Instructions for the task: Find the line containing "Solo Leveling Neon". Retype it and every later line of the records exactly, leaving out pictures.

Dataset entries:
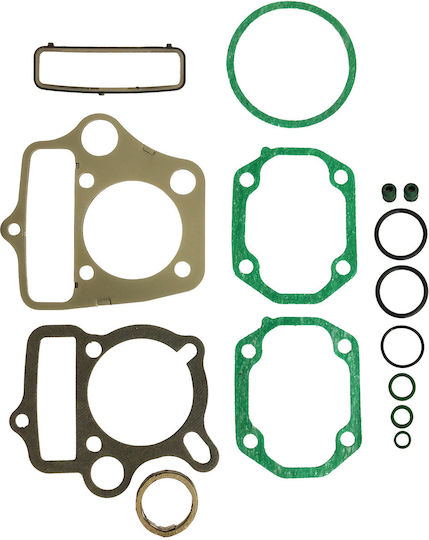 Ooh Head Gasket for Motorcycle Base-Burning Flange Set 52mm for Honda Astrea Grand Goldwing 55520032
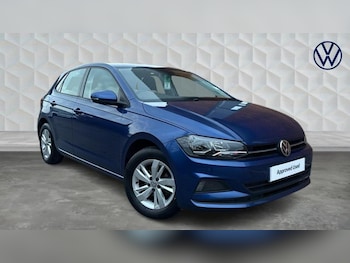 Used Volkswagen Polo 2018 for sale - 76452760: Photo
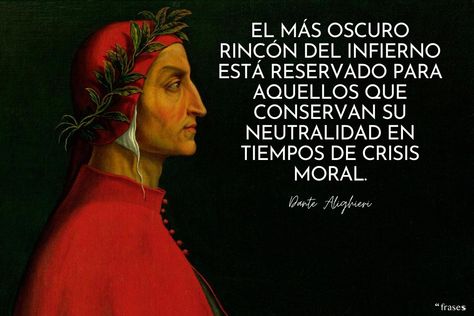 Frases de Dante Alighieri #FrasesdeAutores 100 Quotes, Dante Alighieri, 8 Bit, Singing, Memes, Yellow, Quotes, Books, Art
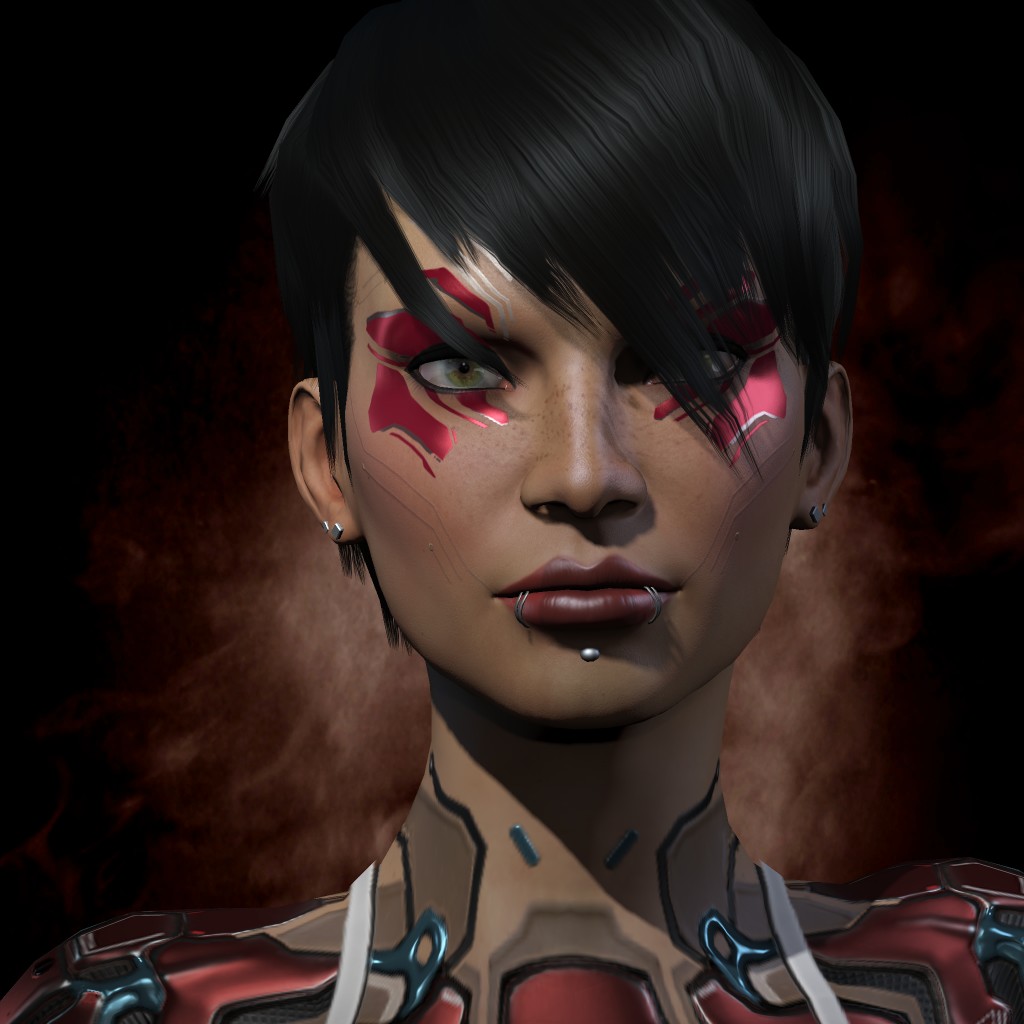 portrait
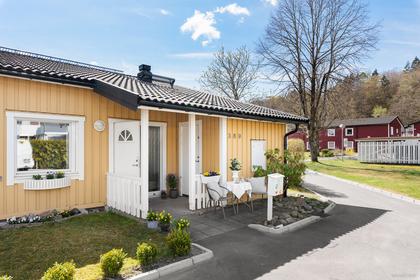 Prilyckegatan 389, Hisings Kärra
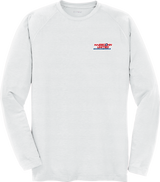 Mass Conn United Long Sleeve Ultimate Performance Crew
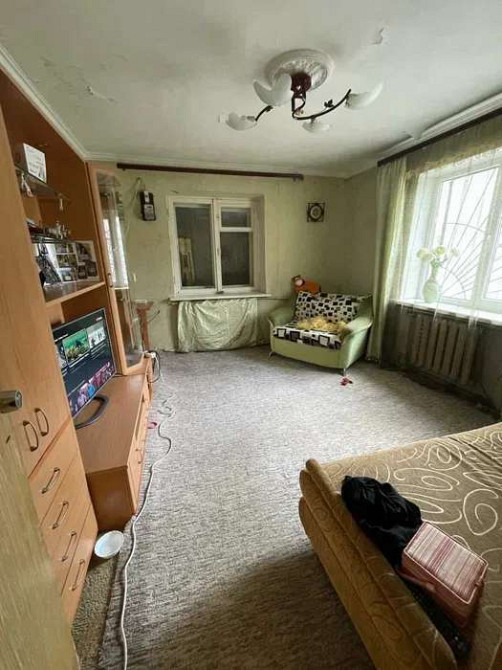 Продаж Квартира 2-кімнатна, 1/1 поверх на Доковая улица Одеса - фото 4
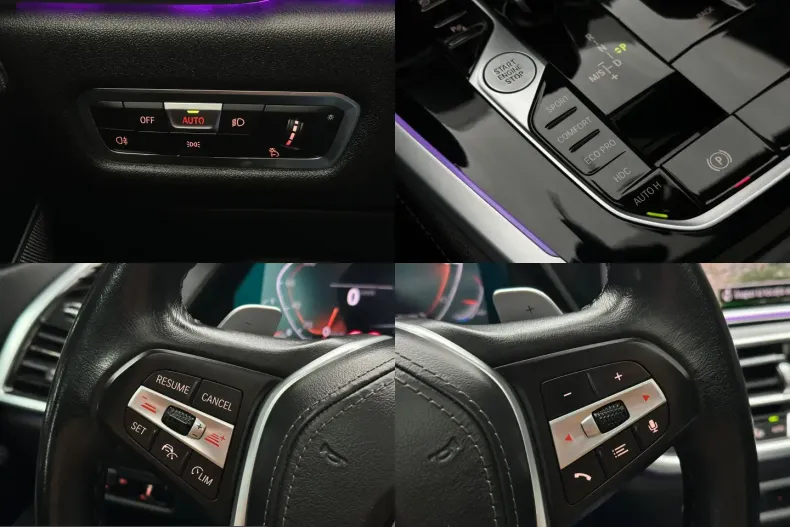 BMW X5 (Seria X) din 2022 cu 88.976 km - oferta BMW207083 - foto 30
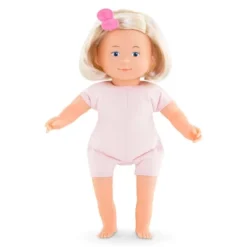 Corolle Les Florolles Jasmine 13" Doll - My First Doll - Painted Eyes -Barbie Store GUEST d979855c 7d91 457e a0a3 a058de7195ff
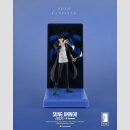 Solo Leveling Neon Figur 1/9 Sung Jinwoo 20 cm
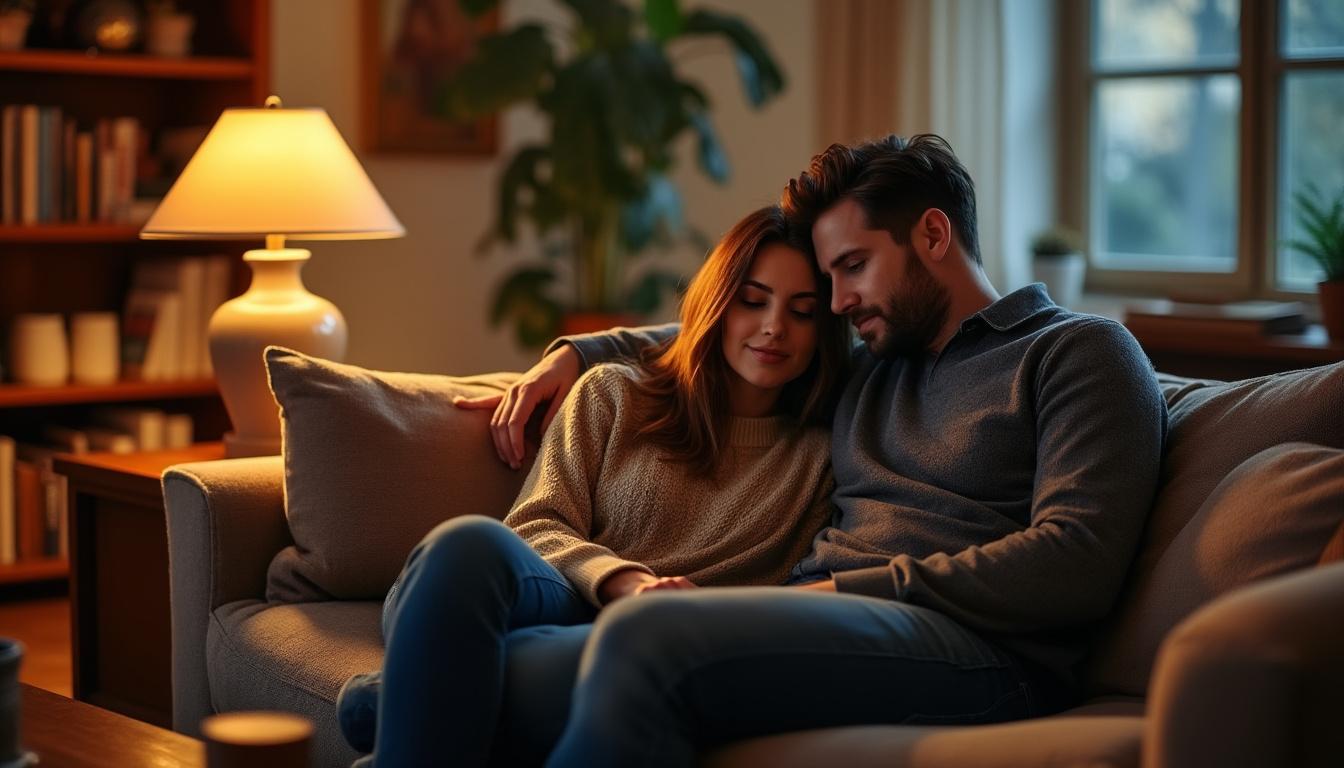 découvrez comment une vie sexuelle épanouie contribue à votre santé mentale et physique : réduction du stress, amélioration du sommeil, boost du moral et bien-être général. explorez tous les bienfaits d'une bonne nuit sexuelle sur votre équilibre au quotidien.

Response:
 Solo Leveling Neon Figur 1/9 Sung Jinwoo 20 cm
 découvrez comment une vie sexuelle épanouie contribue à votre santé mentale et physique : réduction du stress, amélioration du sommeil, boost du moral et bien-être général. explorez tous les bienfaits d'une bonne nuit sexuelle sur votre équilibre au quotidien.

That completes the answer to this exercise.